Items from a dataset
━━━━

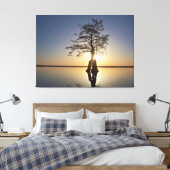 Sunset Behind a Tree Canvas Afdruk (Insitu (Slaapkamer))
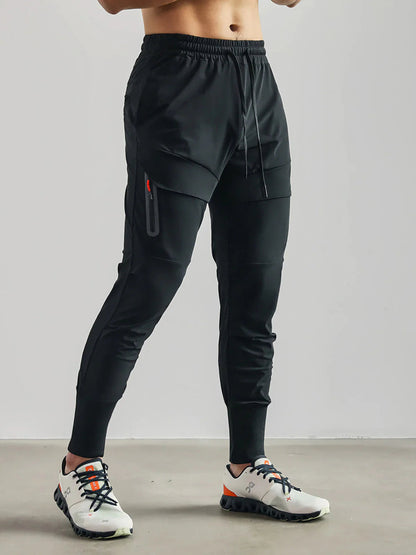Jogger – Stretch – Quick-Dry – Herren-Laufhose – Trainingshose-Schwarz-S-Chaps Herrenmode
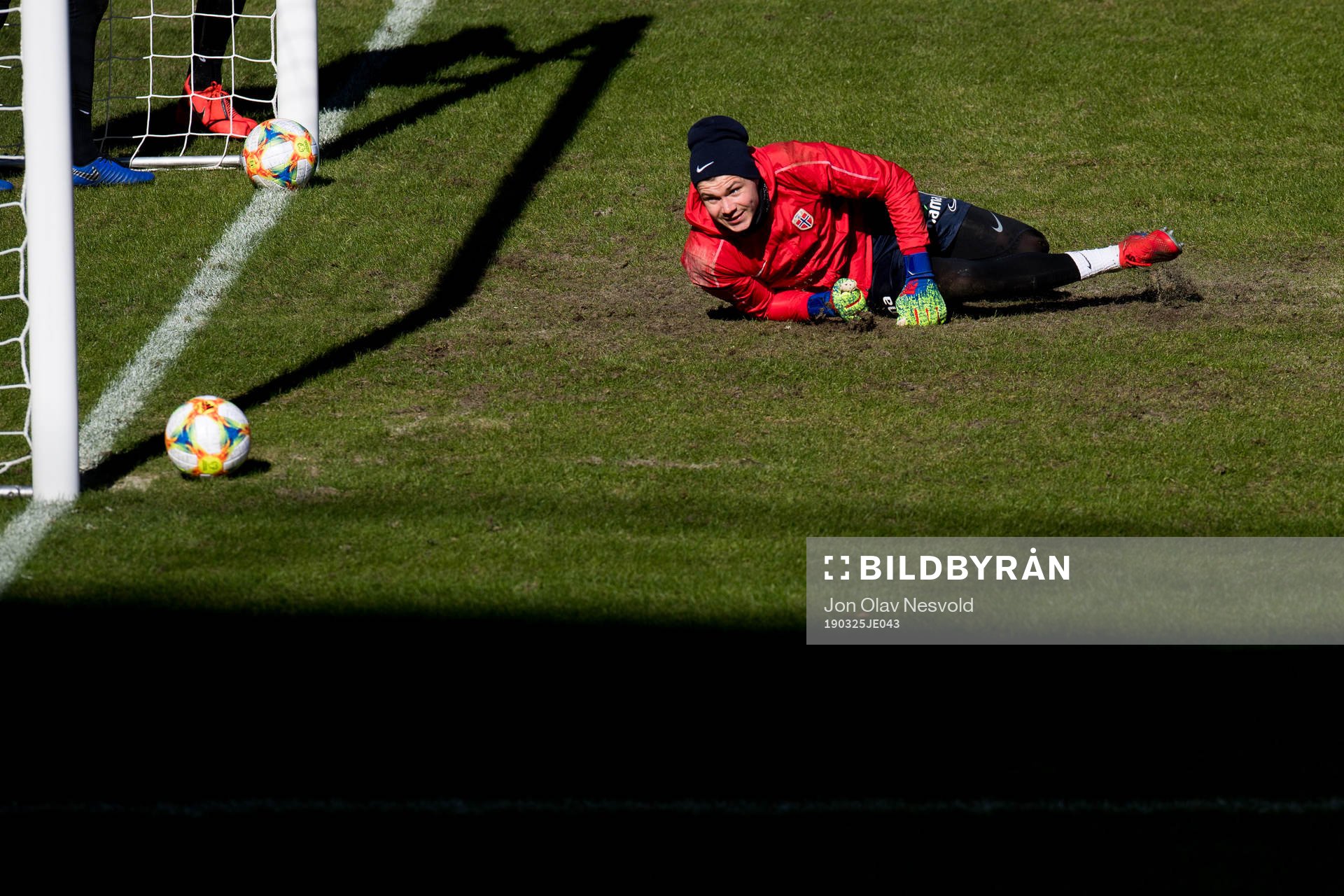 Goalkeeper Per Kristian Worre Bråtveit during a training session on March 25, 2019 in Oslo.
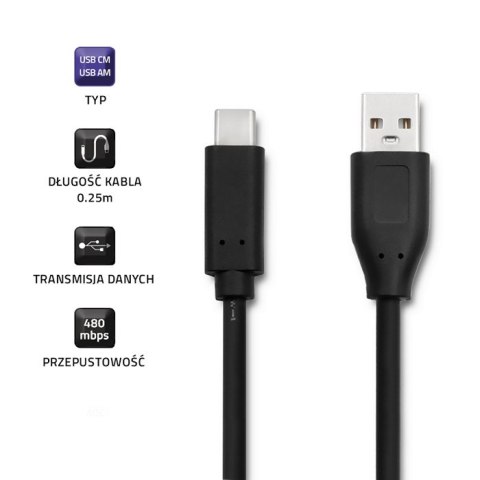 Qoltec Kabel USB 3.1 typ C męski | USB 2.0 A męski | 0.25m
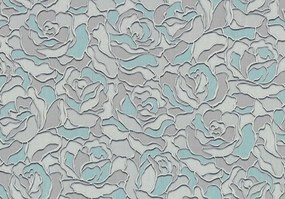 Tapet floral dormitor, vinil albastru, model Denim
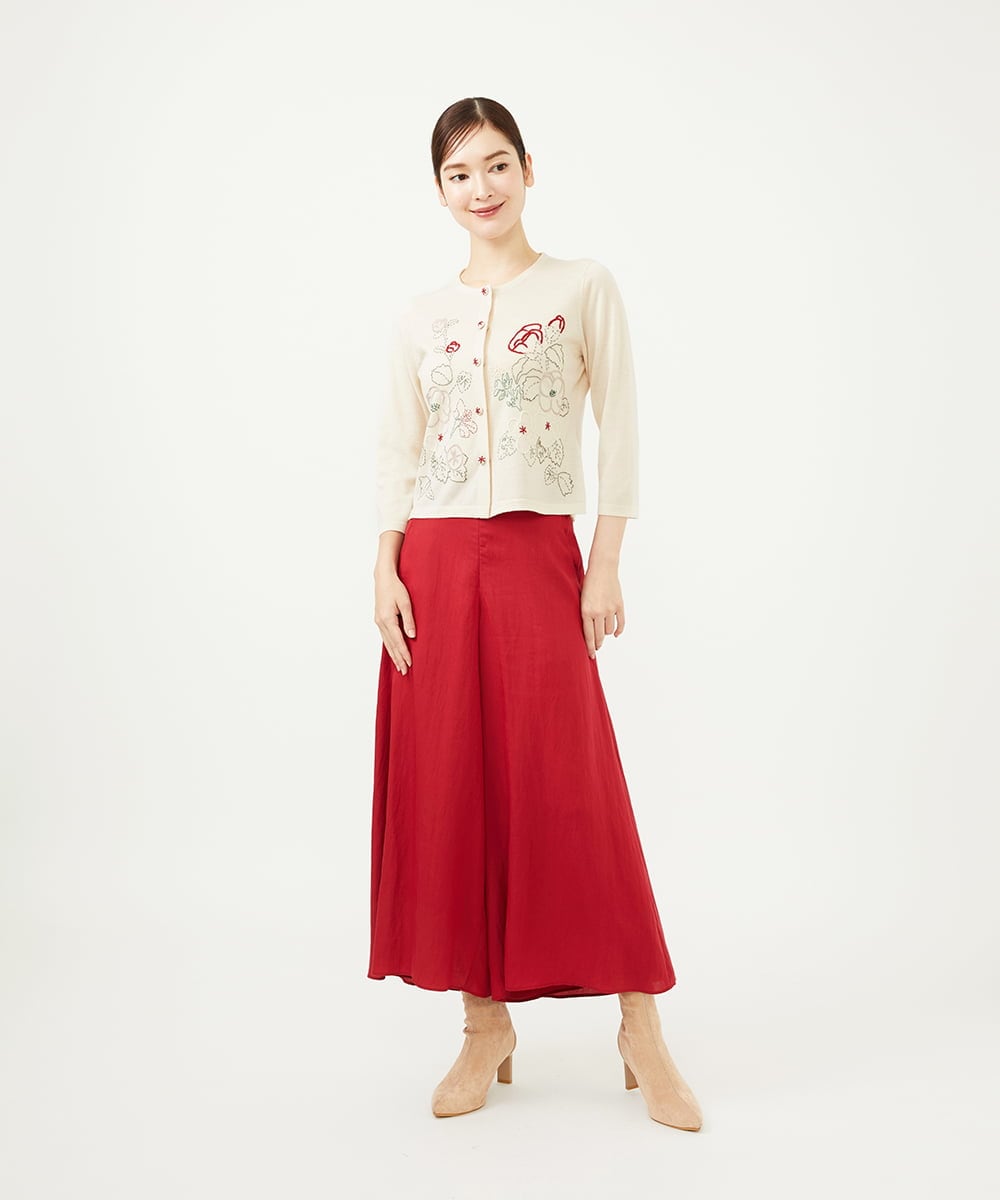GBSAD34600 Sybilla(シビラ) ステッチフラワー刺繍カーディガン アイボリー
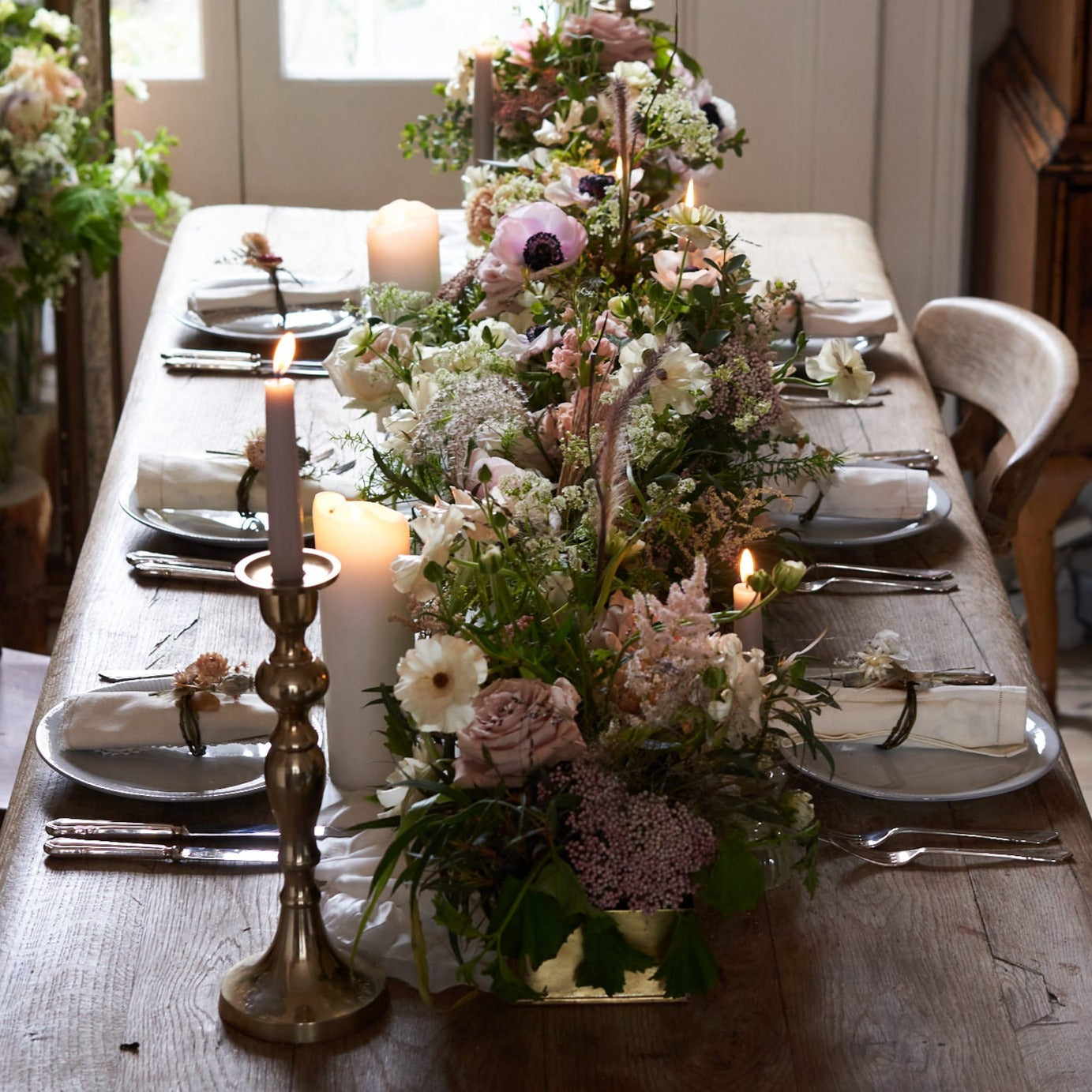 english country garden style trough arrangements for weddings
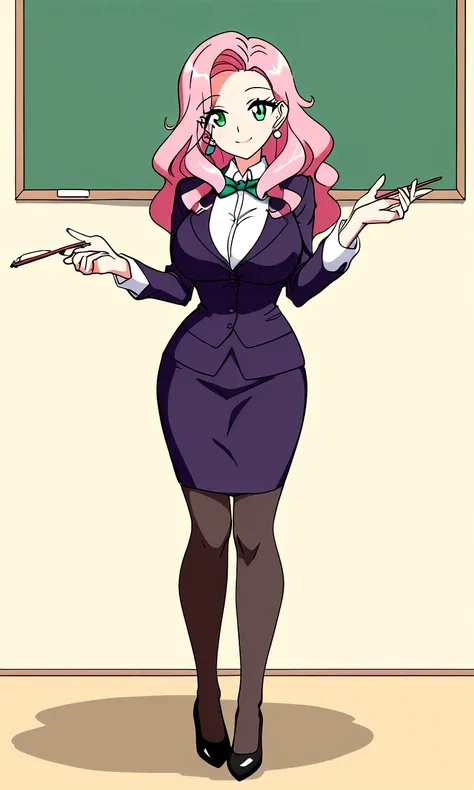 private teacher、Big Breasts、Green Eyes、Calm、older sister、Pink Hair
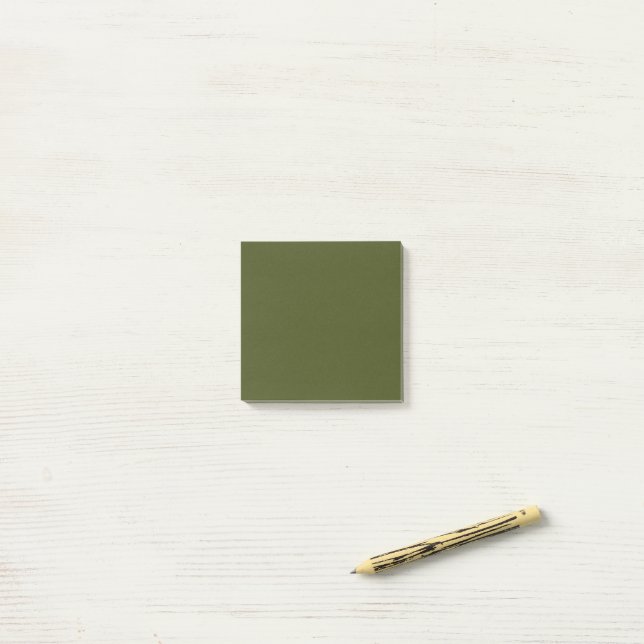 Army Green Simple 3" x 3" Post-it Block (På skrivbordet)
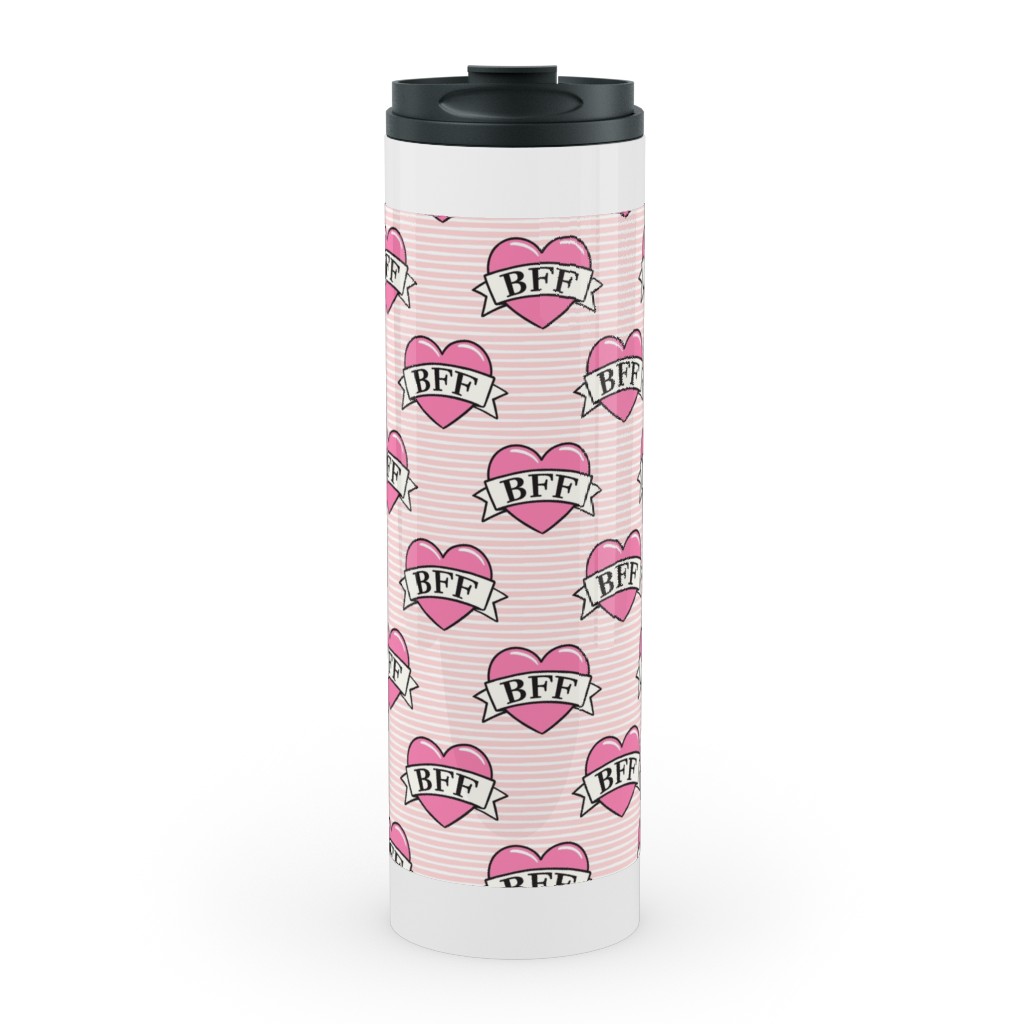 Bff Heart Tattoo Stainless Mug, White,  , 20oz, Pink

━━━━

### WORK TO BE COMPLETED
Transcribe all of the records above exactly; no image should appear in what you write.

### ANSWER SECTION
 Sunset Behind a Tree Canvas Afdruk (Insitu (Slaapkamer))
Jogger – Stretch – Quick-Dry – Herren-Laufhose – Trainingshose-Schwarz-S-Chaps Herrenmode
 Goalkeeper Per Kristian Worre Bråtveit during a training session on March 25, 2019 in Oslo.
 Qoltec Kabel USB 3.1 typ C męski | USB 2.0 A męski | 0.25m
 Tapet floral dormitor, vinil albastru, model Denim
GBSAD34600 Sybilla(シビラ) ステッチフラワー刺繍カーディガン アイボリー
 english country garden style trough arrangements for weddings
 private teacher、Big Breasts、Green Eyes、Calm、older sister、Pink Hair
 Army Green Simple 3" x 3" Post-it Block (På skrivbordet)
 Bff Heart Tattoo Stainless Mug, White,  , 20oz, Pink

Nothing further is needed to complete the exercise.